The objectives in the third section deal with the similarities and differences between the two methods: interviews and observations. First of all, through the process of reflecting on different research, the writer must determine how similar the two methods are. Next, also through the process of reflecting on real research, the writer must determine the main differences between both methods with regard to: sensory, and participation.
The aims of the fourth section deal with the different types of interviews and observations that can be conducted in different situations. First of all, the writer discusses both structured and unstructured interviews. Next the different ways of conducting observations in different places and for different purposes are discussed in detail.
Finally, the aims of the fifth section are mainly to sum up the research paper. In this section, the main points of the paper are summed up and the main points drawn from the use of interviews and observations are discussed. Also, some recommendations for researchers in the field of education for the best use of data collection methods according to the different purposes of the research are included.
The interviews and observations that were chosen for the purposes of this paper were selected based on their academic quality and overall relevance to the topic. Interviews and observations are solid methods and topics to discuss with regard to data collection in the educational field because of the quality of the data that they produce. The data is collected based on these methods because it is both primary and direct in nature. Therefore, it yields highly useful information that educational professionals can use to better manage the educational efforts that they participate in and perform on a daily basis.
In order to select the specific interviews and observations that were discussed in the context of this particular paper, a basic Internet search was performed using the Google search engine. It is key to note that only the academic resources that were returned in the hit list were utilized. Common books and journal articles were chosen from the search string that was returned. Any potential resources that were determined to not be of solid academic quality, yet were returned in the hit list, were rejected for that very reason. In addition to the above method of resource location, a standard library search was conducted in order to obtain materials that were deemed to be of the same quality and standards.

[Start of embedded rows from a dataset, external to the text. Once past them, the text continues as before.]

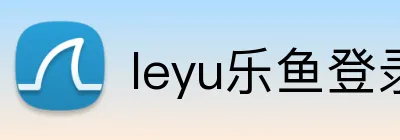 leyu乐鱼登录地址 logo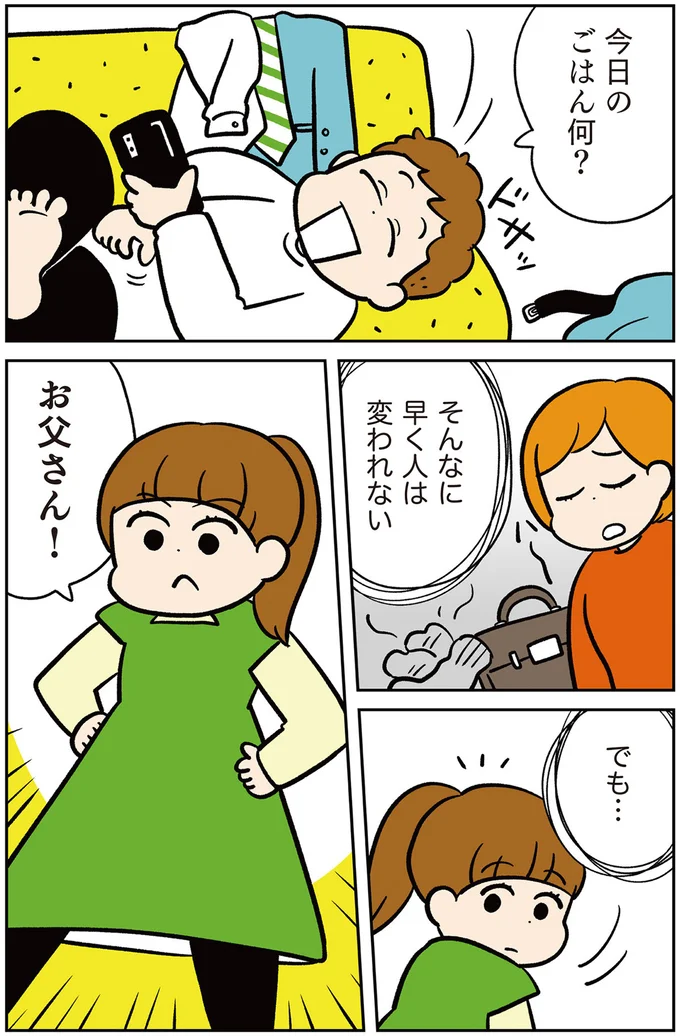そんなに早く人は変われない でも…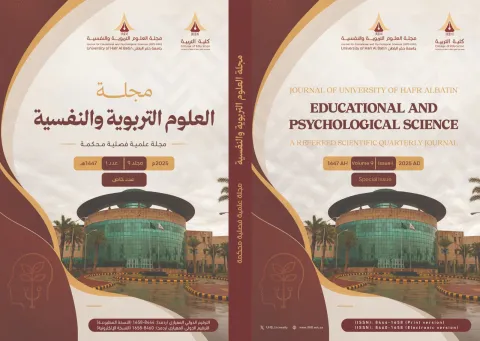 المجلد التاسع – العدد الأول – 2025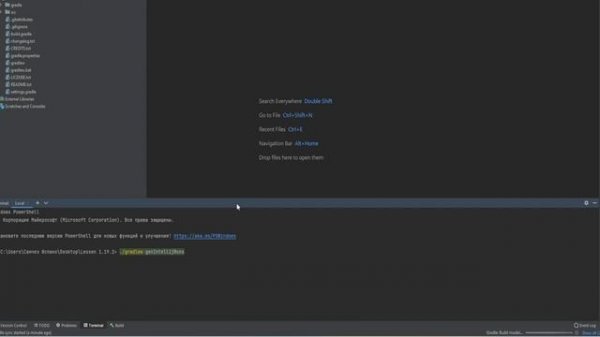 Урок #1 Minecraft Forge 1 19 2 создание проекта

According to Inside Higher Ed (2008, pg. 1), "The problem is near-universal for professors who discover, upon assigning research projects, that superficial searches on the Internet and facts gleaned from Wikipedia are the extent - or a significant portion - of far too many of their students' investigations. It's not necessarily an issue of laziness, perhaps, but one of exposure to a set of research practices and a mindset that encourages critical thinking about competing online sources." The same research concept applies to the selection of the content of this paper. Great measures were taken to assure that this problem did not occur while research was being conducted to piece together this particular paper.